▶ **What you will do**
The expected output is every entry, repeated word for word.

[Items from a dataset]
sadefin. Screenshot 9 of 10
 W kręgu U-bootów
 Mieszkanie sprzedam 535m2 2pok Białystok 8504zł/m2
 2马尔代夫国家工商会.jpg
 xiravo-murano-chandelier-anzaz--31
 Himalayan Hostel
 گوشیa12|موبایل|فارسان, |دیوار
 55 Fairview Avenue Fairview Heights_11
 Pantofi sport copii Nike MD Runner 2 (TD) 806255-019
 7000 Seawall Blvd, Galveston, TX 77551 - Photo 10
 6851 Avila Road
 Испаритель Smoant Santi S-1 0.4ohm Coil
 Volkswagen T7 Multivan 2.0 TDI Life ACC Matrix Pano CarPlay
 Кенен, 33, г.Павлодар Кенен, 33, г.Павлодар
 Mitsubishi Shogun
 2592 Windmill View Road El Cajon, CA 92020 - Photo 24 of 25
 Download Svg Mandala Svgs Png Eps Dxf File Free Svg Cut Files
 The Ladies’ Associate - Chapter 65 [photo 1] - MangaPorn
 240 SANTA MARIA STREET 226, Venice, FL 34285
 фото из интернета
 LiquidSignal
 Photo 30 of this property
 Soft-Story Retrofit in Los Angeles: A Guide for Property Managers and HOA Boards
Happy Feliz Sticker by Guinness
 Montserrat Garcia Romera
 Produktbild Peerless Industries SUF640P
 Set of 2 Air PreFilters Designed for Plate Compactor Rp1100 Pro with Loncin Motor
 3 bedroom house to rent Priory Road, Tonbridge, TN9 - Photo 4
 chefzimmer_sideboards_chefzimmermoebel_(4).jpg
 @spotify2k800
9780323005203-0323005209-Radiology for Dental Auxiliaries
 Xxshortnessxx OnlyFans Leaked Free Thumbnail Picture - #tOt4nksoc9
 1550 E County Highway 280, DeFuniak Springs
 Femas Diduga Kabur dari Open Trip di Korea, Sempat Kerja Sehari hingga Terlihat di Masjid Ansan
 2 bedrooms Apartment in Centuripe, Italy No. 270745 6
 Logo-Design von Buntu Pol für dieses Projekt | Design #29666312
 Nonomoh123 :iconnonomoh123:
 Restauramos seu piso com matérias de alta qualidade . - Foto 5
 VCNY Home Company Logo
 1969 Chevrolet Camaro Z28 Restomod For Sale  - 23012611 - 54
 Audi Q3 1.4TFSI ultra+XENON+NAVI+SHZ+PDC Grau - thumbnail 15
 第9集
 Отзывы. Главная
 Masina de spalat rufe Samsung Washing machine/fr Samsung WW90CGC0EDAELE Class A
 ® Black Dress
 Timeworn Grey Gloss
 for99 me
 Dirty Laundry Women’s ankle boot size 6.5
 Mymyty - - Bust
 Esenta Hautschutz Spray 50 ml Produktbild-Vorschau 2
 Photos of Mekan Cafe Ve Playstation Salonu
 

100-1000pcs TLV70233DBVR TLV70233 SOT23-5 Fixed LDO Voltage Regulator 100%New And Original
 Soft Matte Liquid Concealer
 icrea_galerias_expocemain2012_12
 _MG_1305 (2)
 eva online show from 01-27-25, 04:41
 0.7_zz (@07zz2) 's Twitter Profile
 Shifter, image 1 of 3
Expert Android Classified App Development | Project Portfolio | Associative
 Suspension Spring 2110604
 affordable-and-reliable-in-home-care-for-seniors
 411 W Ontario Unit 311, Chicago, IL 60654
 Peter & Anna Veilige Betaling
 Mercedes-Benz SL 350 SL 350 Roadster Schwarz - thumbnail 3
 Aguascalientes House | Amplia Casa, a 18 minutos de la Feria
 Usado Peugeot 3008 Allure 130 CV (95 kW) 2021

▶ **Exercise response**
sadefin. Screenshot 9 of 10
 W kręgu U-bootów
 Mieszkanie sprzedam 535m2 2pok Białystok 8504zł/m2
 2马尔代夫国家工商会.jpg
 xiravo-murano-chandelier-anzaz--31
 Himalayan Hostel
 گوشیa12|موبایل|فارسان, |دیوار
 55 Fairview Avenue Fairview Heights_11
 Pantofi sport copii Nike MD Runner 2 (TD) 806255-019
 7000 Seawall Blvd, Galveston, TX 77551 - Photo 10
 6851 Avila Road
 Испаритель Smoant Santi S-1 0.4ohm Coil
 Volkswagen T7 Multivan 2.0 TDI Life ACC Matrix Pano CarPlay
 Кенен, 33, г.Павлодар Кенен, 33, г.Павлодар
 Mitsubishi Shogun
 2592 Windmill View Road El Cajon, CA 92020 - Photo 24 of 25
 Download Svg Mandala Svgs Png Eps Dxf File Free Svg Cut Files
 The Ladies’ Associate - Chapter 65 [photo 1] - MangaPorn
 240 SANTA MARIA STREET 226, Venice, FL 34285
 фото из интернета
 LiquidSignal
 Photo 30 of this property
 Soft-Story Retrofit in Los Angeles: A Guide for Property Managers and HOA Boards
Happy Feliz Sticker by Guinness
 Montserrat Garcia Romera
 Produktbild Peerless Industries SUF640P
 Set of 2 Air PreFilters Designed for Plate Compactor Rp1100 Pro with Loncin Motor
 3 bedroom house to rent Priory Road, Tonbridge, TN9 - Photo 4
 chefzimmer_sideboards_chefzimmermoebel_(4).jpg
 @spotify2k800
9780323005203-0323005209-Radiology for Dental Auxiliaries
 Xxshortnessxx OnlyFans Leaked Free Thumbnail Picture - #tOt4nksoc9
 1550 E County Highway 280, DeFuniak Springs
 Femas Diduga Kabur dari Open Trip di Korea, Sempat Kerja Sehari hingga Terlihat di Masjid Ansan
 2 bedrooms Apartment in Centuripe, Italy No. 270745 6
 Logo-Design von Buntu Pol für dieses Projekt | Design #29666312
 Nonomoh123 :iconnonomoh123:
 Restauramos seu piso com matérias de alta qualidade . - Foto 5
 VCNY Home Company Logo
 1969 Chevrolet Camaro Z28 Restomod For Sale  - 23012611 - 54
 Audi Q3 1.4TFSI ultra+XENON+NAVI+SHZ+PDC Grau - thumbnail 15
 第9集
 Отзывы. Главная
 Masina de spalat rufe Samsung Washing machine/fr Samsung WW90CGC0EDAELE Class A
 ® Black Dress
 Timeworn Grey Gloss
 for99 me
 Dirty Laundry Women’s ankle boot size 6.5
 Mymyty - - Bust
 Esenta Hautschutz Spray 50 ml Produktbild-Vorschau 2
 Photos of Mekan Cafe Ve Playstation Salonu
 

100-1000pcs TLV70233DBVR TLV70233 SOT23-5 Fixed LDO Voltage Regulator 100%New And Original
 Soft Matte Liquid Concealer
 icrea_galerias_expocemain2012_12
 _MG_1305 (2)
 eva online show from 01-27-25, 04:41
 0.7_zz (@07zz2) 's Twitter Profile
 Shifter, image 1 of 3
Expert Android Classified App Development | Project Portfolio | Associative
 Suspension Spring 2110604
 affordable-and-reliable-in-home-care-for-seniors
 411 W Ontario Unit 311, Chicago, IL 60654
 Peter & Anna Veilige Betaling
 Mercedes-Benz SL 350 SL 350 Roadster Schwarz - thumbnail 3
 Aguascalientes House | Amplia Casa, a 18 minutos de la Feria
 Usado Peugeot 3008 Allure 130 CV (95 kW) 2021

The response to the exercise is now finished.